_Task details_: Find the line containing "view. Neon lighting" in the data below, then output that line and each one after it exactly, with nothing else.

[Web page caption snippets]

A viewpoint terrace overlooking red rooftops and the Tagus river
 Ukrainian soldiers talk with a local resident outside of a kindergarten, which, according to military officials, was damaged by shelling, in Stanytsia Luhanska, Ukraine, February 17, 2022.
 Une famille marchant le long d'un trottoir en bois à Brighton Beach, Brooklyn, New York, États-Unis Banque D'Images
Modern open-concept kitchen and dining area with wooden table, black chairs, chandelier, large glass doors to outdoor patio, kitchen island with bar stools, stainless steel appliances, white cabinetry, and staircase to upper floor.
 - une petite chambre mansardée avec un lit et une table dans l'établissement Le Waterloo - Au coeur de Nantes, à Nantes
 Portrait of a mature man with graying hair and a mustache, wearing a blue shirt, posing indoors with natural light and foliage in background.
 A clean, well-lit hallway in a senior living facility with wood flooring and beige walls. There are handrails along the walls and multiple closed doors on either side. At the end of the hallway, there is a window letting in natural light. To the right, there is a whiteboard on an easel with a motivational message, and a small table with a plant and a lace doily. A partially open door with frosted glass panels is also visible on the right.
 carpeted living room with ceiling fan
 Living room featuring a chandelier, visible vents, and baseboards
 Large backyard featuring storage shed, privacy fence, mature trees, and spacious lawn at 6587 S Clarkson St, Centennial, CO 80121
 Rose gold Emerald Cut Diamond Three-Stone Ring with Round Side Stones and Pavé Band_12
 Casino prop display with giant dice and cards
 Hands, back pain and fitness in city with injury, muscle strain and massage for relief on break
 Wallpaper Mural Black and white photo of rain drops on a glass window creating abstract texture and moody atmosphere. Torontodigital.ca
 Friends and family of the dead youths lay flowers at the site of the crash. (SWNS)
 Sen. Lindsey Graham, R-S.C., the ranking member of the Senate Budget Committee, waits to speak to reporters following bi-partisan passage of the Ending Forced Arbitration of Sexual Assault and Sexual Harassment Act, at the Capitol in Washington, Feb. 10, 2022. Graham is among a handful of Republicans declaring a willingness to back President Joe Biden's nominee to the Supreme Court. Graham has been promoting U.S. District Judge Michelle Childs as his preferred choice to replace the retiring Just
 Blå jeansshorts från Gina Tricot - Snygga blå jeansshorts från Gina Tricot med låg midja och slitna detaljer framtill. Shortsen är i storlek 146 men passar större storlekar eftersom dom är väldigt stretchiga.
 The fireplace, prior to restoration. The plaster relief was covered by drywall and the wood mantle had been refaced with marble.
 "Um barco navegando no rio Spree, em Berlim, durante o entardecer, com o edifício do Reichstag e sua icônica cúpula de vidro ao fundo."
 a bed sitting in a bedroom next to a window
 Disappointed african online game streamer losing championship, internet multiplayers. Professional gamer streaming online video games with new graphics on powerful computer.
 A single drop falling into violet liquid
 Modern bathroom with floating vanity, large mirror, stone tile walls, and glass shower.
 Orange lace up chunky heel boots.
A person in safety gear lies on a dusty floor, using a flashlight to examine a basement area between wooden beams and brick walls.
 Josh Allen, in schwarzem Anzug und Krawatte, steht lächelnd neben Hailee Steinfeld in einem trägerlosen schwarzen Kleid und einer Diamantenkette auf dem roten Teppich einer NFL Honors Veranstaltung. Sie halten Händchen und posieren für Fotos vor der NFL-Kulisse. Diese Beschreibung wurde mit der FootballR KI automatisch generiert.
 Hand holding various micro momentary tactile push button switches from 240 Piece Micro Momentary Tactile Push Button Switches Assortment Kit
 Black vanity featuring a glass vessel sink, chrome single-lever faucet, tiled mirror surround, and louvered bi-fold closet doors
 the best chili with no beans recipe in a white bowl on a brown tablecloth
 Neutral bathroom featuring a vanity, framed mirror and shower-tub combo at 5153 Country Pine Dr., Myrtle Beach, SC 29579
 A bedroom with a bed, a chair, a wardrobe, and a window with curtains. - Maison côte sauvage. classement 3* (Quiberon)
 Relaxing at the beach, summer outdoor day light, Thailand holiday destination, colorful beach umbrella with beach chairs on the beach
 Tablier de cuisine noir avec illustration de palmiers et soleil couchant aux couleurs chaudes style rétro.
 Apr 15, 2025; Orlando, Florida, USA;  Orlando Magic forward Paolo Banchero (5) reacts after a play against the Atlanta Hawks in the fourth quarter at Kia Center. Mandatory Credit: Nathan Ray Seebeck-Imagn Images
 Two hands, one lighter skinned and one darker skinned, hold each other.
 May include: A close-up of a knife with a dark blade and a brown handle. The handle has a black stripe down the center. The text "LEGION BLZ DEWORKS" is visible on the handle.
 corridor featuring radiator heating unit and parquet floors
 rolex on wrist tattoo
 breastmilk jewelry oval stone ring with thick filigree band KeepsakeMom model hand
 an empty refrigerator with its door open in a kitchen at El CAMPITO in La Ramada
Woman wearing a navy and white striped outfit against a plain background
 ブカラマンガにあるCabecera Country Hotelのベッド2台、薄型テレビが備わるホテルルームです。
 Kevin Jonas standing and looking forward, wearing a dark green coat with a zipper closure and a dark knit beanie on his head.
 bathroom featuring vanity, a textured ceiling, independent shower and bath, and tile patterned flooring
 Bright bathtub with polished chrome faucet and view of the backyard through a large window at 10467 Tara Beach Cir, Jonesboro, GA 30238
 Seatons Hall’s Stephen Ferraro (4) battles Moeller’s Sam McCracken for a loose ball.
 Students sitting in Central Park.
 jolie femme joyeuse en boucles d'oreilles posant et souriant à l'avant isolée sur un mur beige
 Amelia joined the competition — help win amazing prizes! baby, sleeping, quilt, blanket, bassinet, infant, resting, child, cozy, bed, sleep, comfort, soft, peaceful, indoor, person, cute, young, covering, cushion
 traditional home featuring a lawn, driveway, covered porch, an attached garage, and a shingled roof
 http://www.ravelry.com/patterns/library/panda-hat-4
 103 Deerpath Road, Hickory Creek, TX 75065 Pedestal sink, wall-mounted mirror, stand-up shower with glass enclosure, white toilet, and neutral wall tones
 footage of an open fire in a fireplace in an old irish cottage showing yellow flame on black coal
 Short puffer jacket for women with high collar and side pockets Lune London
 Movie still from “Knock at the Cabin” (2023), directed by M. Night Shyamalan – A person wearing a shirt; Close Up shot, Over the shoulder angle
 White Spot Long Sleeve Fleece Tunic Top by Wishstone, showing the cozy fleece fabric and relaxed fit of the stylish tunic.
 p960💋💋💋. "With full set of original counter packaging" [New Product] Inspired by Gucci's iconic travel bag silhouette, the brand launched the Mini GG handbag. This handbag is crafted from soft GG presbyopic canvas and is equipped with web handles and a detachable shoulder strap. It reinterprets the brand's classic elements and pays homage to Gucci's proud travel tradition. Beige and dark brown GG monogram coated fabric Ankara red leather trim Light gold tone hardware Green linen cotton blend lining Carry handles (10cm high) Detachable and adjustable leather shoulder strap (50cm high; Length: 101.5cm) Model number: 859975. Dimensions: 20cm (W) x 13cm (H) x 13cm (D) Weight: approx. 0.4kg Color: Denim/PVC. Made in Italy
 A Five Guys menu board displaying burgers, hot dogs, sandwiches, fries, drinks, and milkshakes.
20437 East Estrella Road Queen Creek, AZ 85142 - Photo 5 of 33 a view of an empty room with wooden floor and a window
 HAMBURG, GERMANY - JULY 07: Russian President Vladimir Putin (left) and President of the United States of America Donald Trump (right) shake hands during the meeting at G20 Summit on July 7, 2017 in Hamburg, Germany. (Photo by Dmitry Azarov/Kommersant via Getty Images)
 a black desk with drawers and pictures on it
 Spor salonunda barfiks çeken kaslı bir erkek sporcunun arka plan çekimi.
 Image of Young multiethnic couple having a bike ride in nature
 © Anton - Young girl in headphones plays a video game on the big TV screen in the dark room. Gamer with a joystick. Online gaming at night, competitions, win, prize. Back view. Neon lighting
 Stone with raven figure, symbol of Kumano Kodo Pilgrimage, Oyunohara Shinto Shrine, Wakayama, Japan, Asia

_Result of the exercise_:
 © Anton - Young girl in headphones plays a video game on the big TV screen in the dark room. Gamer with a joystick. Online gaming at night, competitions, win, prize. Back view. Neon lighting
 Stone with raven figure, symbol of Kumano Kodo Pilgrimage, Oyunohara Shinto Shrine, Wakayama, Japan, Asia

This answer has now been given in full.